My first strategy was to give the students the answers to the questions, but in the wrong order. This allowed students to check their answers and get immediate feedback as to whether they were right or not. However if students went wrong, although they now knew they were wrong they didn’t know why. To help students try to identify their own mistakes I next got them to check their work against these common mistakes:
- Did you copy down the equation or any of the numbers wrong?
- Did you write down the rearranged equation? Write it out and then underneath replace each symbol with the number it represents.
- Did you rearrange the equation properly? Check with your table partner.
- Have you converted units? E.g. km to m, kJ to J, g to kg
- Did you make a mistake when pressing the buttons on the calculator? Try it again. [I call this ‘fat finger syndrome’!]
This helped and cut the number of questions from students by more than half.
Now this is fine for fairly simple calculations (such as using a formula such as speed=distance/time), but not for multi-step calculations, e.g. conservation of momentum style questions. For these types of questions students need to have a ‘strategy’ and know where they’re headed. In my experience this is difficult for students, even when they are fine with all the individual steps – it’s knowing how to put them together that they often struggle with.
At the time I was thinking about this, I discovered this video by Dan Meyers about making maths lessons more engaging. In the video Dan quoted Daniel Willingham: “Sometimes I think that we, as teachers, are so eager to get to the answers that we do not devote sufficient time to developing the question”. He goes on to discuss video games and argues that they are engaging because they allow choice in how tasks and puzzles are completed and solved and there is a low cost of failure and error (you can re-try something so you don’t have to start the level over again, etc) [he discusses other reasons as well, which are out of the scope of this post]. Also worth watching is this earlier Dan Meyers video where he discusses some of these ideas to create three act maths problems.
I applied these ideas when I next taught conservation of momentum (strategy #2). Instead of opening with a video (as Dan Meyer does) I used a Newton’s cradle and discussed with the class what was happening and drew out that momentum was conserved. I then asked the class what information would we need to find the velocity of the last ball after the first one has hit, allowing students to discuss this in their groups first. After this I gave them the information they had suggested (such as the masses of the balls and the initial velocity) and also gave them the final answer that they were aiming for but rounded to the nearest whole number, asking them to work with their partner to try to work out the velocity to two decimal places. The students responded well to this, they instantly could tell if their answers were right or wrong and felt that if they got a wrong answer they could simply try again and adjust their method, allowing me to circulate and listen to their conversation.

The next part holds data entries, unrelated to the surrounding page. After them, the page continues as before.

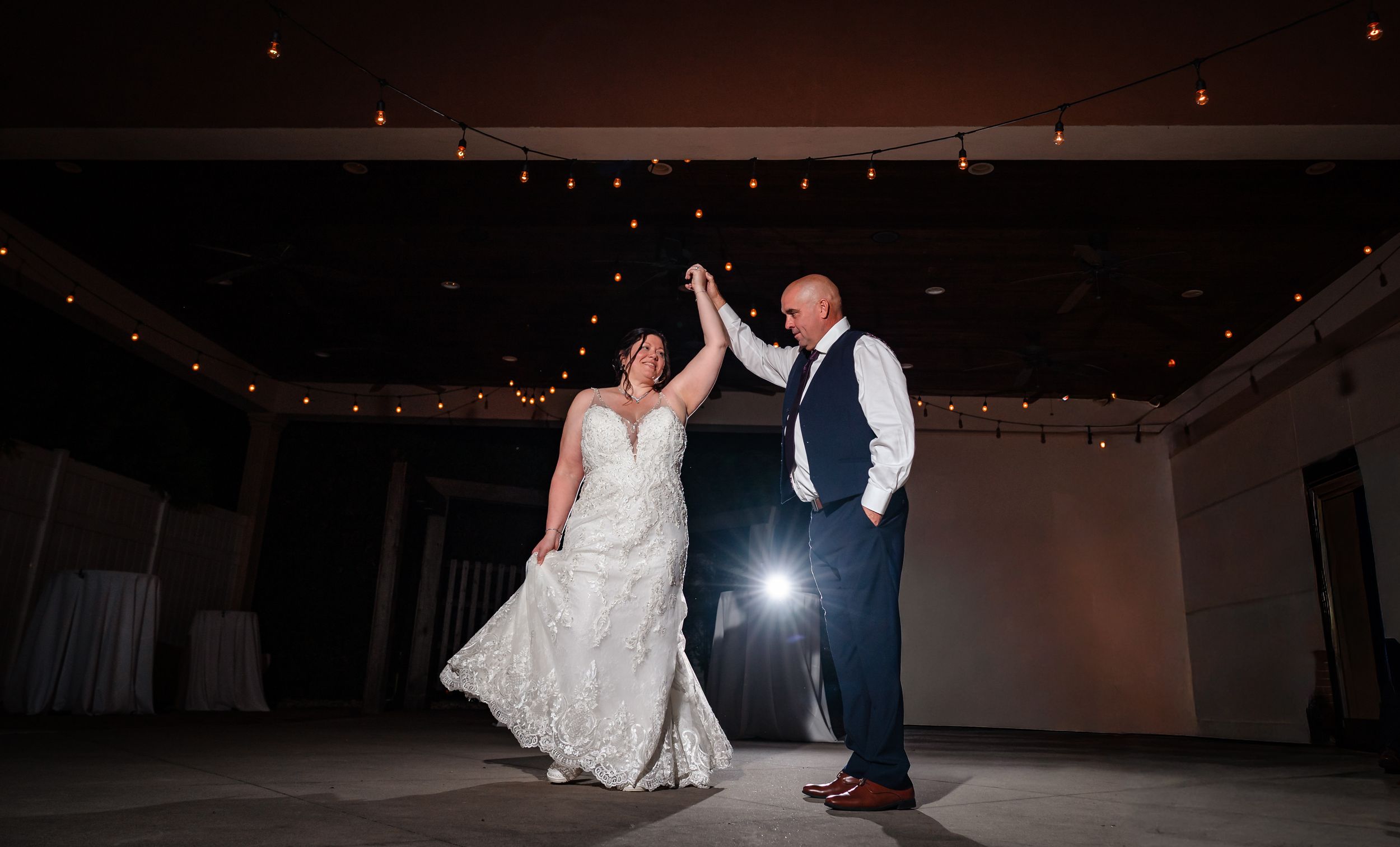Dark dance floor illuminated with string lights during a wedding reception.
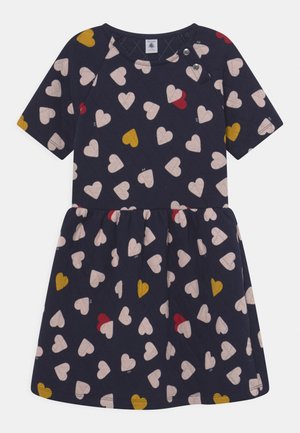 Vestido de manga corta en color navy con textura acolchada, que presenta pequeños patrones de corazones en rosa, rojo, amarillo y blanco. Detalle de botón a presión en el escote.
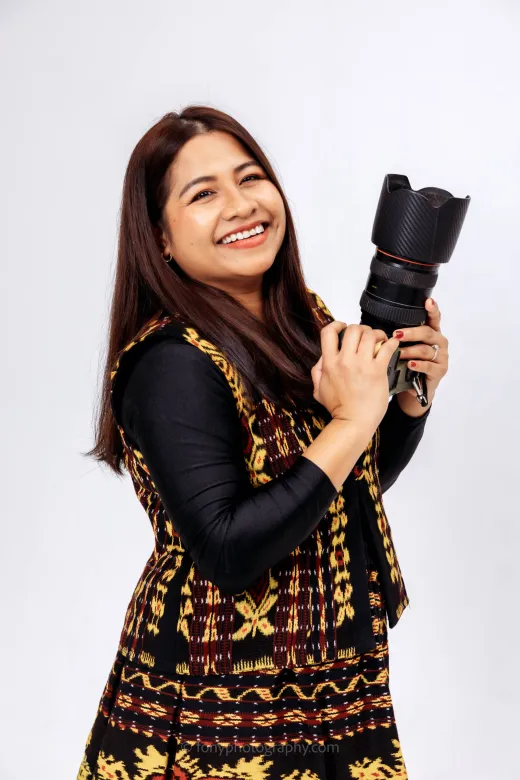 A smiling woman with long brown hair wearing a patterned traditional vest holds a professional camera against a plain white background.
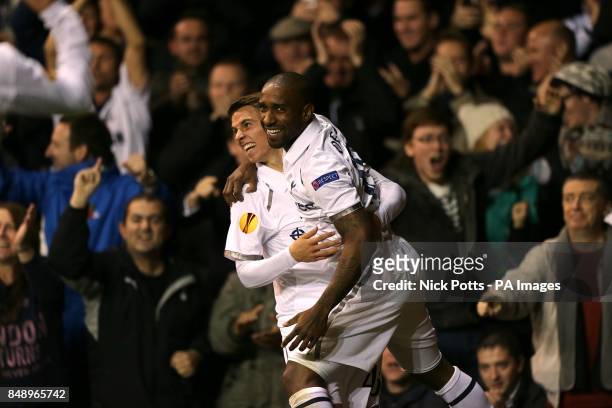 Tottenham Hotspur's Jermain Defoe celebrates scoring his side's first goal of the game with teammate Thomas Carroll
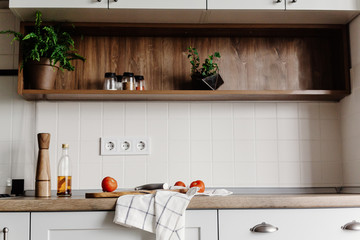 Cooking food on modern kitchen with furniture in grey color and wooden tabletop.  Knife on wooden...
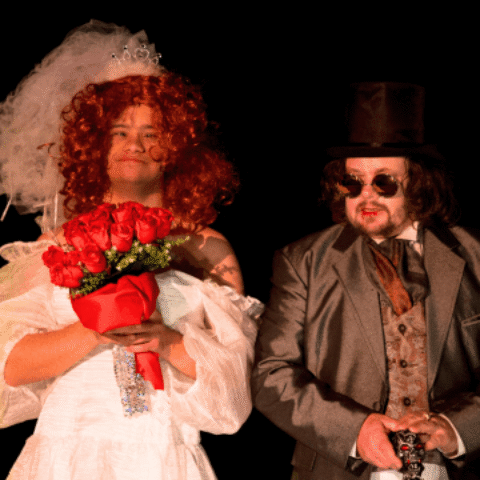 A person in a white wedding dress holds red roses beside another in a dark suit and top hat. Both exude a theatrical vibe against a black backdrop.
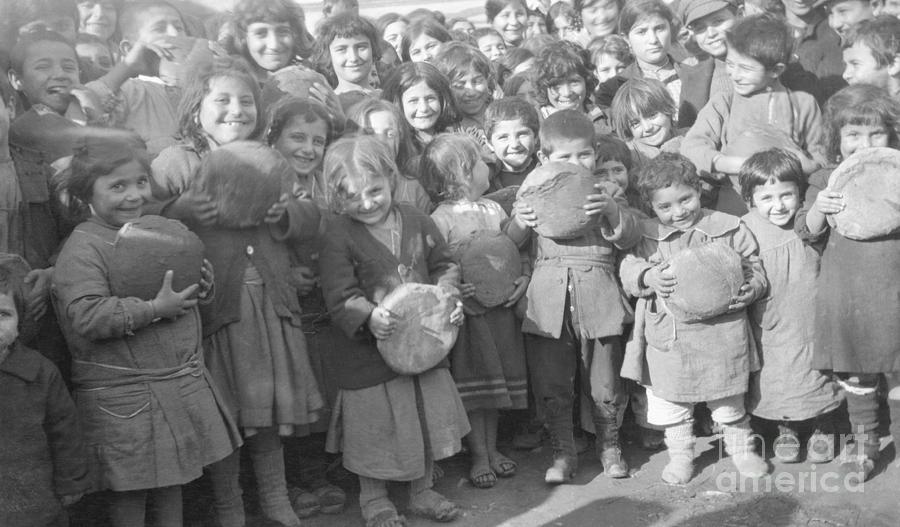 Young Children Holding Loaves Of Bread Photograph by Bettmann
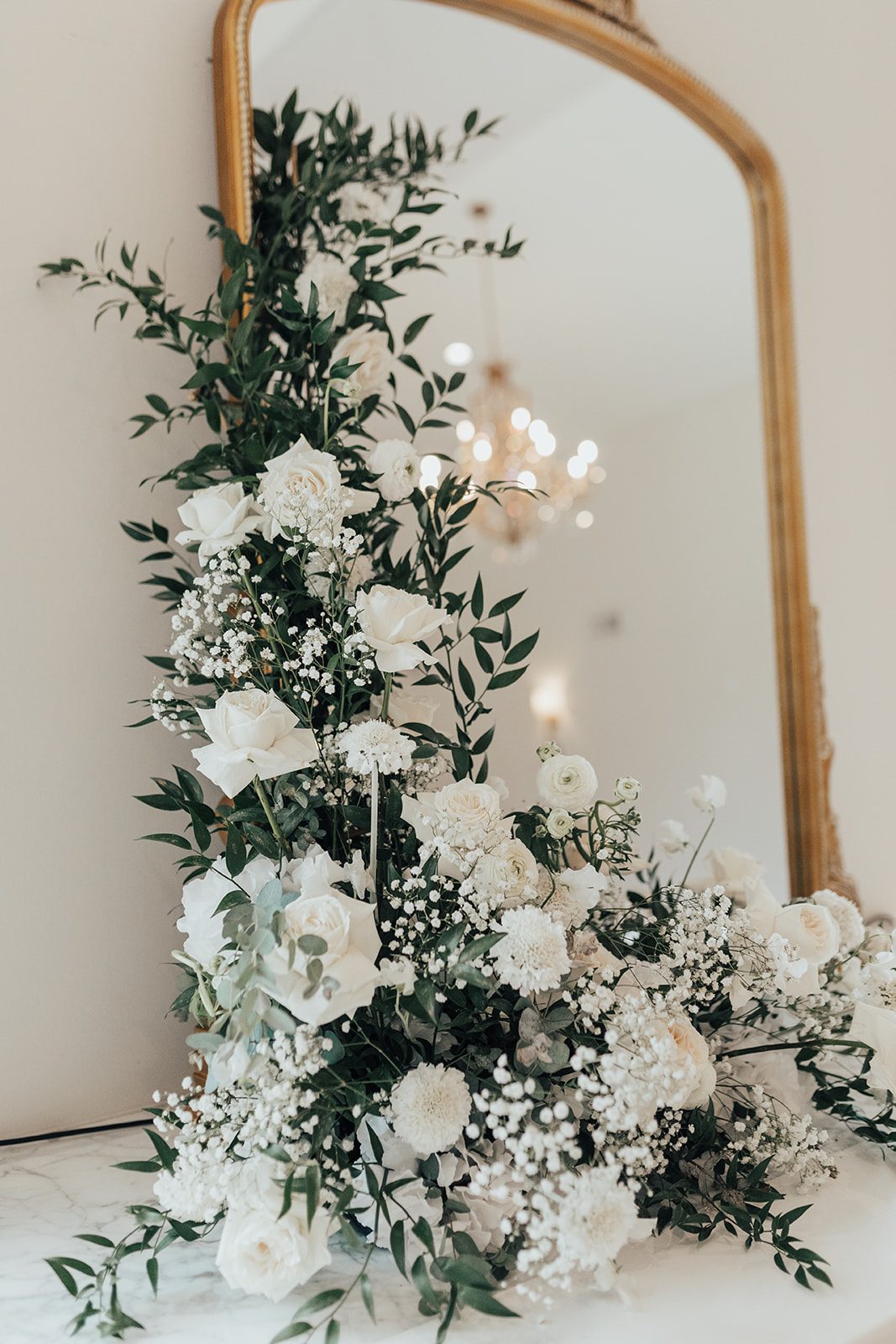Mr + Mrs Day Detailed view of lush mantle arrangement featuring white rose, ranunculus, baby's breath and greenery climbing up a gold mirror.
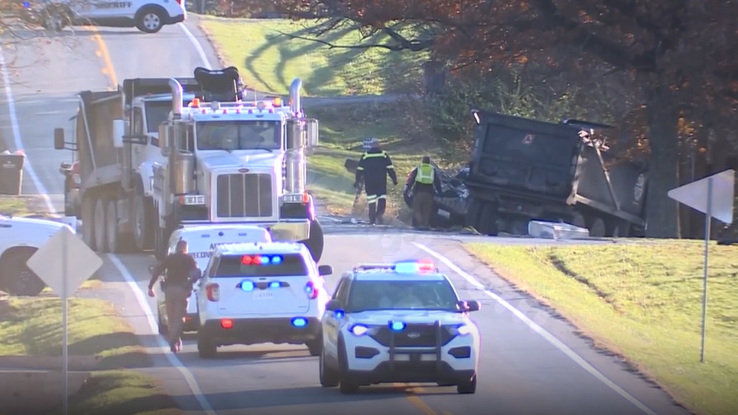 Fatal accident in northern Kentucky involving dump trucks and pickup.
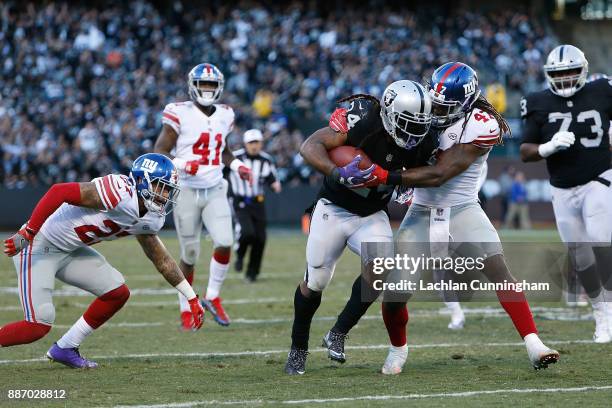 Marshawn Lynch of the Oakland Raiders is tackled by Kelvin Sheppard of the New York Giants at Oakland-Alameda County Coliseum on December 3, 2017 in...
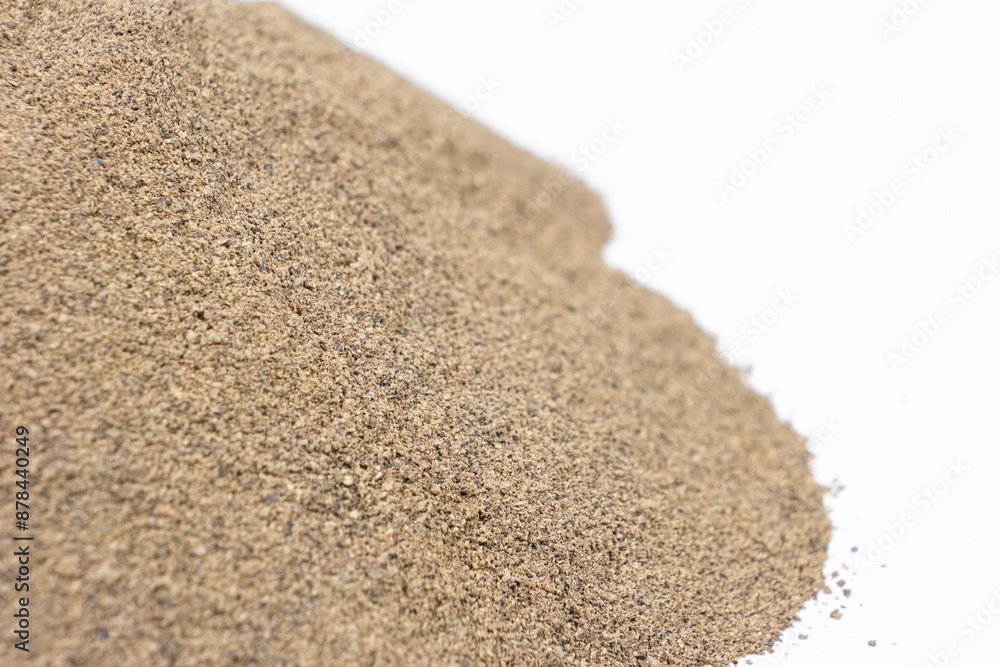 Spilled ground black pepper spicy seasoning on a white background Spilled ground black pepper spicy seasoning on a white background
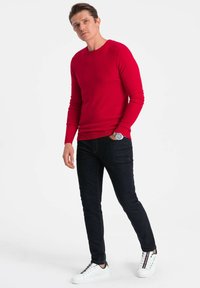 Chemise à manches longues en tricot rouge associée à un jean en denim foncé et des sneakers blanches avec des accents multicolores, ainsi qu'une montre ronde.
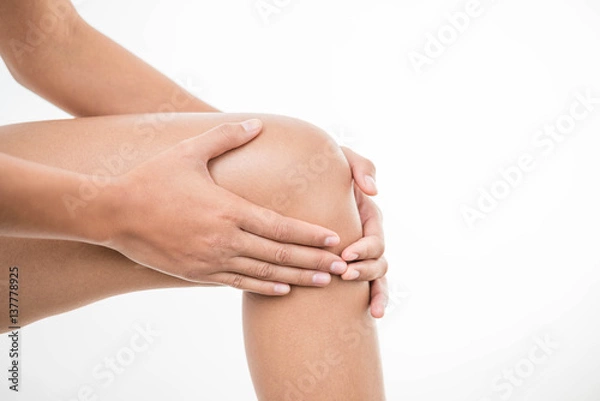 Fototapeta Tendon knee joint problems closeup cropped image woman leg isolated on  white background. Joint trauma concept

Through this process most students were able to calculate the correct velocity. After getting a couple of students to demonstrate their solutions, I then got each student to write a method as a set of steps for how to do the calculation. A lot of the students simply stated the numbers in their methods, so after they had written it I got them to replace the numbers with what they represented (e.g. momentum before collision, velocity after the collision, etc).
The students then applied their method to a simplified problem involving cars, before moving onto a past paper question. This worked well and at the end of the (double) lesson the students had applied their methods to answering the past paper question correctly.
Both of these strategies were successful in that they met my objective of reducing the amount of reacting I was doing in lesson and so freeing me up to circulate and assess how the students were getting on. For the second strategy the students seemed to enjoy producing their own method and they definitely did more thinking, and so should remember more.
Update: Since doing this I came across this excellent idea of having all the calculations projected on the board and if someone is stuck on a problem then they write their name on a post-it and stick in on the question on the board, allowing you to see who’s stuck on what and if you need to go over something with an individual, group or the whole class. I’ll definitely be trying it out!